• _What is needed_
Entries below include pictures. Output exactly the lines from the one with "Connector Experts - Normal Order - TERM941A" down to the one with "MJ Arsenal 4mm Terp Pearls $4.99", both ends included, and leave the pictures out.

• _Material supplied_
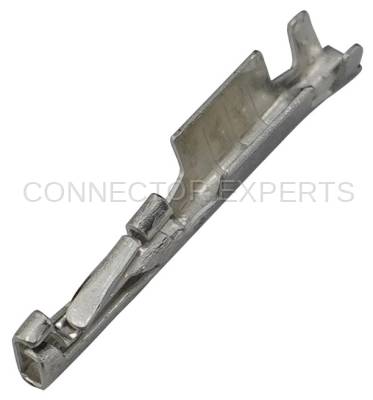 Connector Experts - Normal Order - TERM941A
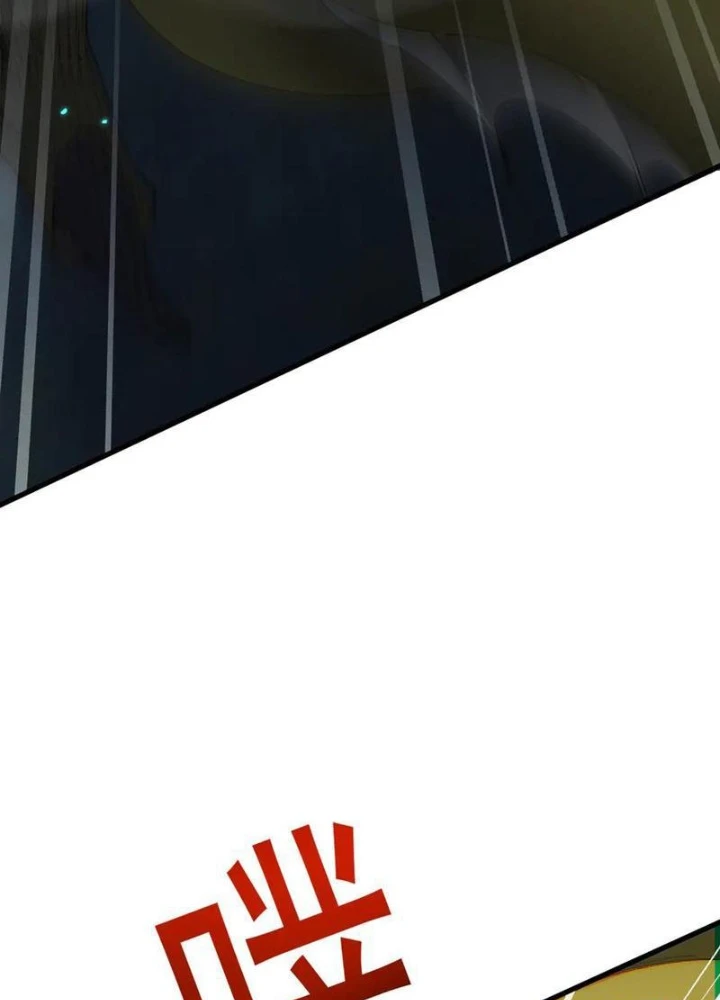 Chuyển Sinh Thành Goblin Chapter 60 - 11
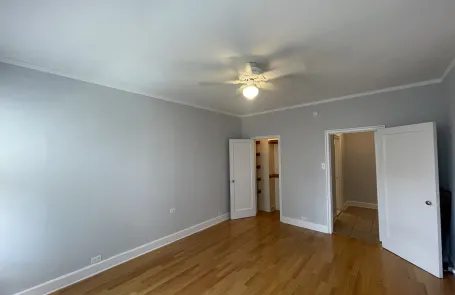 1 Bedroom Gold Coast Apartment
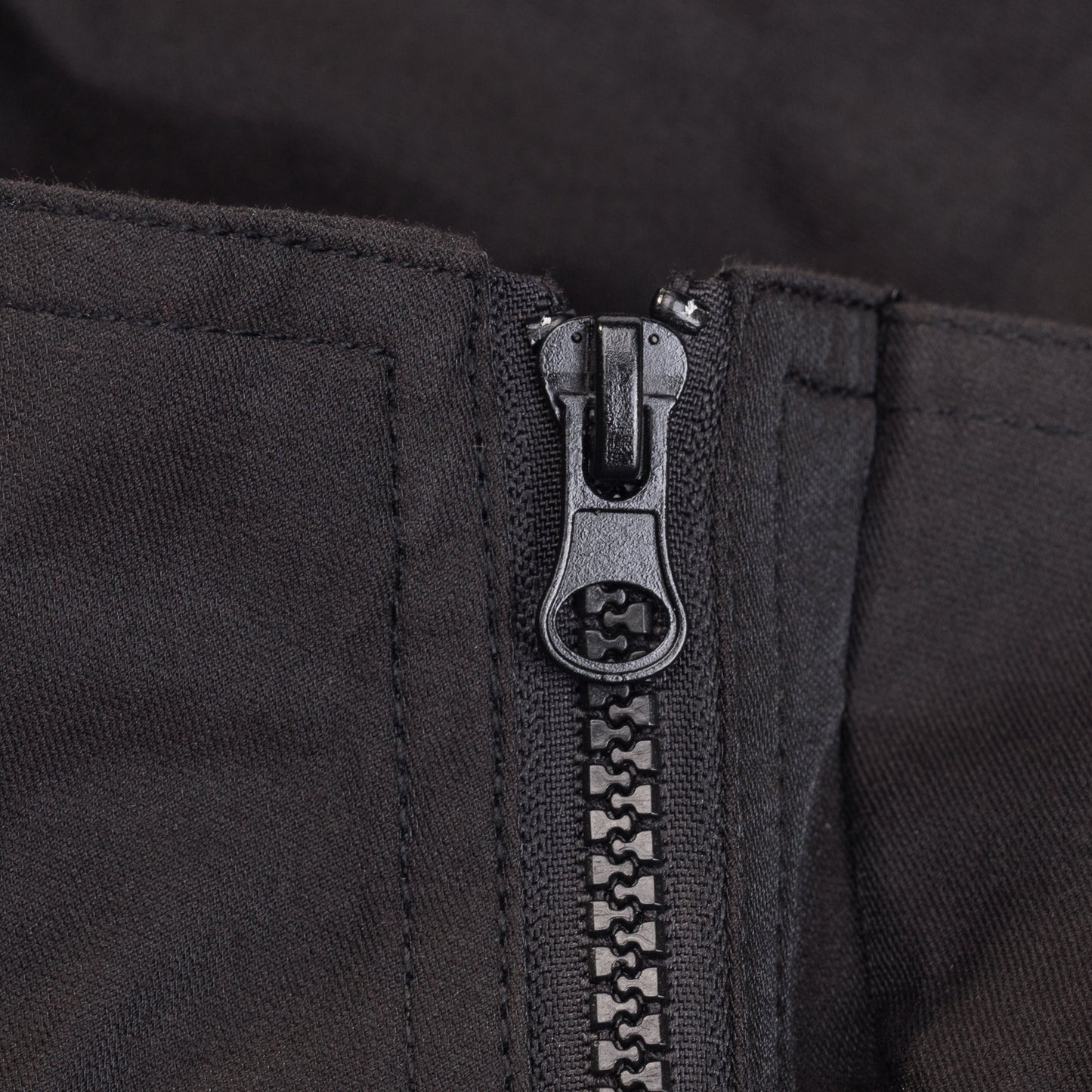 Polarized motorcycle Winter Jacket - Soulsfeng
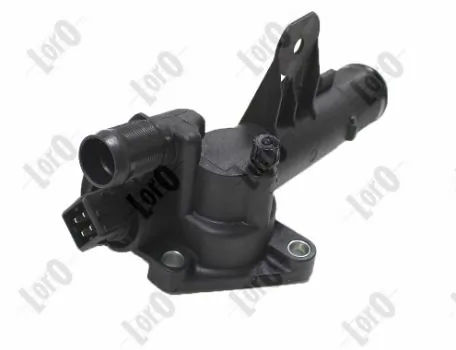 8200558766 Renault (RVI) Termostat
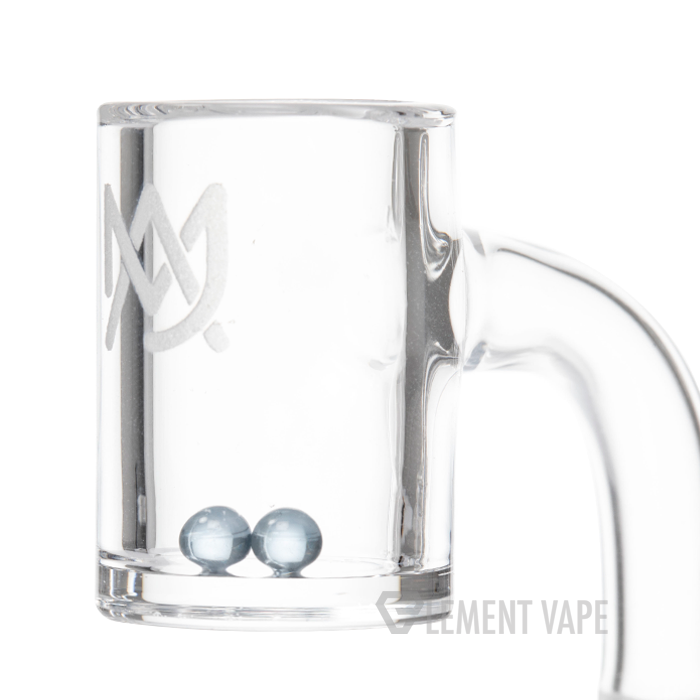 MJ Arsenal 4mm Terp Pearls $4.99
--
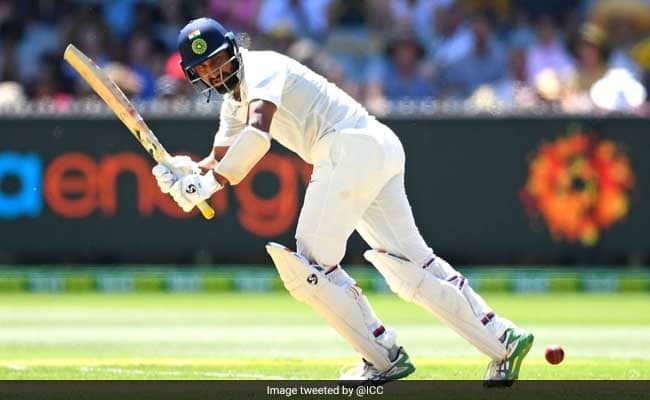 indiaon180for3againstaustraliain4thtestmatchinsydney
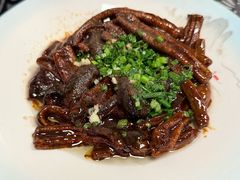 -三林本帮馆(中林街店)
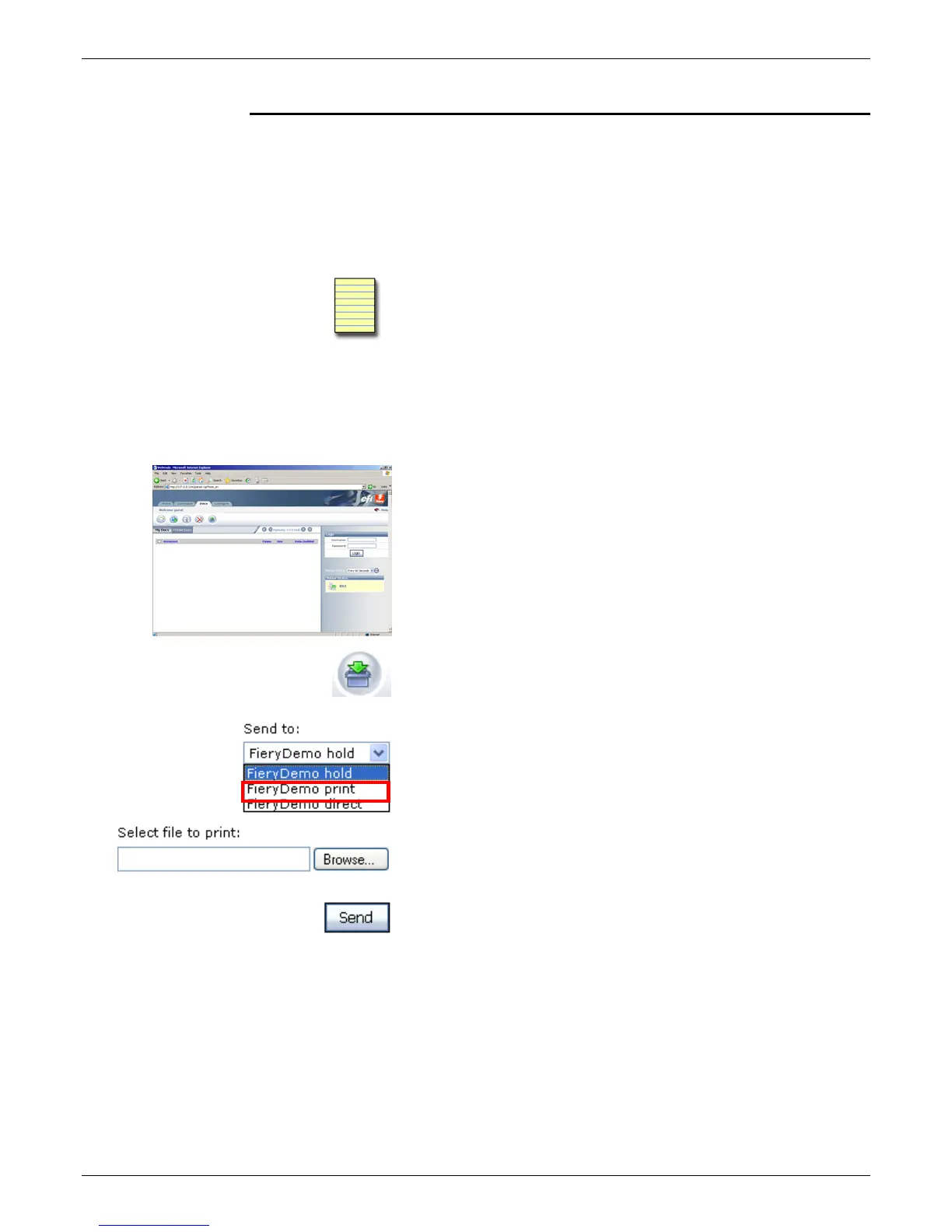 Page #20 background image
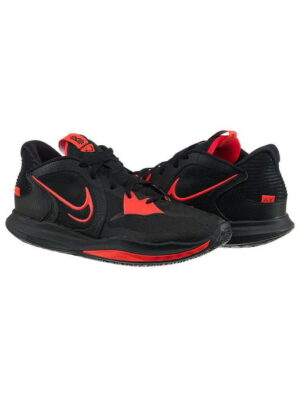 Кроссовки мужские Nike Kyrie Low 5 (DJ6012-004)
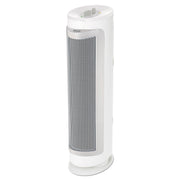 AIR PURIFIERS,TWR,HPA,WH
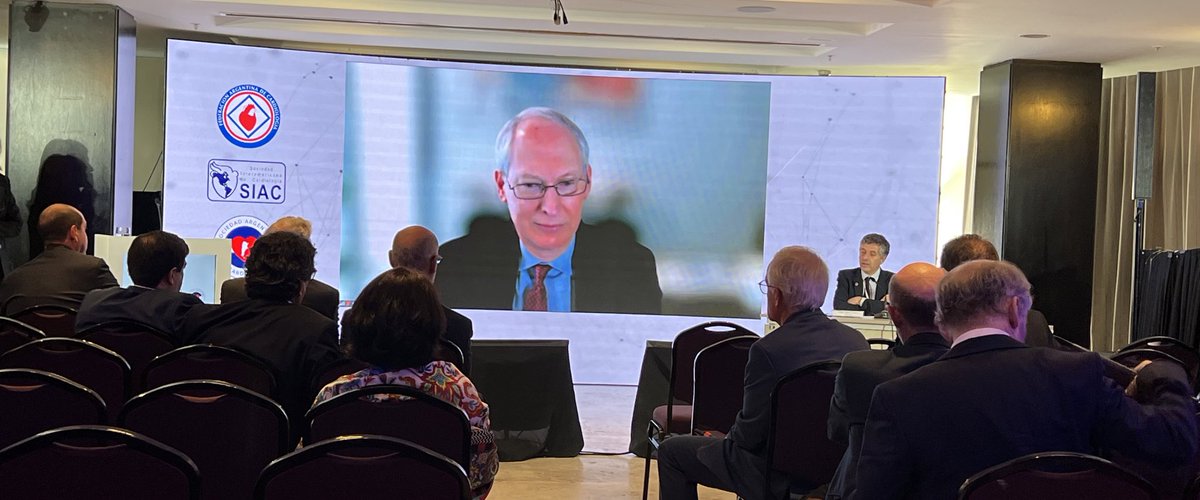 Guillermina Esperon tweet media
...
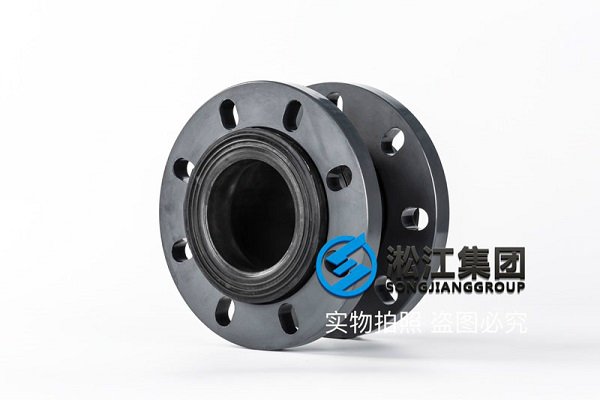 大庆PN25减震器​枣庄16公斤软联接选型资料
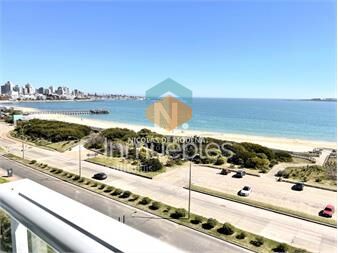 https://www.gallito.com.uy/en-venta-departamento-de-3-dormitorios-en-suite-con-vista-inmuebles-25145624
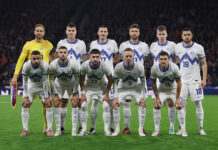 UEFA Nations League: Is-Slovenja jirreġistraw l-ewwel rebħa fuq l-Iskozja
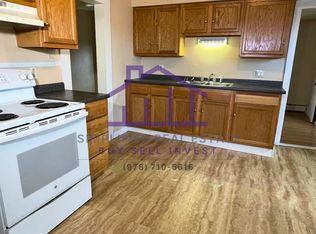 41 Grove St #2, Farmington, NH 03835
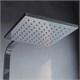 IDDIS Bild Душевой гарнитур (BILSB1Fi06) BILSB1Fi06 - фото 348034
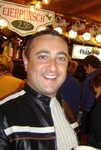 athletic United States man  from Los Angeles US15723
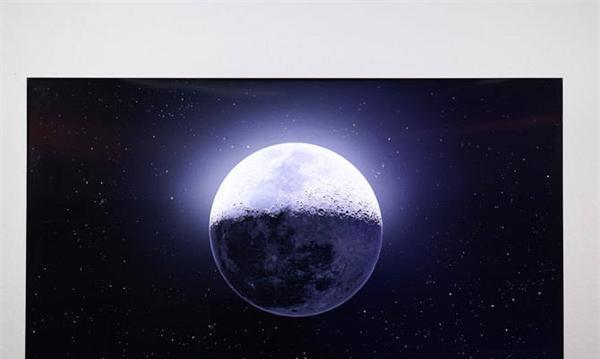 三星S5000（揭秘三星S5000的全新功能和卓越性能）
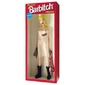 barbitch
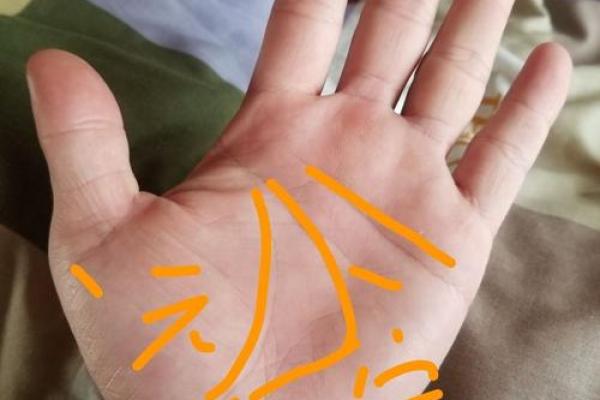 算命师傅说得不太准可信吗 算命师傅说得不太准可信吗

• _Task output_
 Connector Experts - Normal Order - TERM941A
 Chuyển Sinh Thành Goblin Chapter 60 - 11
 1 Bedroom Gold Coast Apartment
 Polarized motorcycle Winter Jacket - Soulsfeng
 8200558766 Renault (RVI) Termostat
 MJ Arsenal 4mm Terp Pearls $4.99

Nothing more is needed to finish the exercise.